Herodotus
c. 484 BC – c. 425 BC
Herodotus was born around 484 BC in Halicarnassus (modern Bodrum), a Greek city under Persian rule on the coast of Caria. He travelled extensively — Egypt, Babylon, Scythia, southern Italy — and eventually settled in Thurii, the Athenian colony in southern Italy, where he probably died sometime after 430 BC.
His Histories is the first great work of prose literature in Western civilisation and the founding text of historiography.

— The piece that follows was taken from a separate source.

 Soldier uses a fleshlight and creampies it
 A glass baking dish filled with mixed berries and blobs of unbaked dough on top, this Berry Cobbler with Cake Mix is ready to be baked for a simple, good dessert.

In nine books, Herodotus traces the origins and course of the conflict between Greece and Persia, from the reign of Croesus of Lydia through the Persian invasions of 490 and 480–479 BC. But the narrative is gloriously expansive: it encompasses the customs of the Egyptians, the geography of Scythia, the rise of the Persian Empire, and dozens of marvellous stories and digressions that make the work a portrait of the entire known world.
Cicero called him the 'father of history'. Plutarch called him the 'father of lies'. Both assessments capture something real. Herodotus was credulous about some things and sceptical about others; he reported what he was told and sometimes noted his own doubts. Modern archaeology has confirmed many details once dismissed as invention. The Histories remains one of the most enjoyable books ever written — humane, curious, digressive, and endlessly surprising.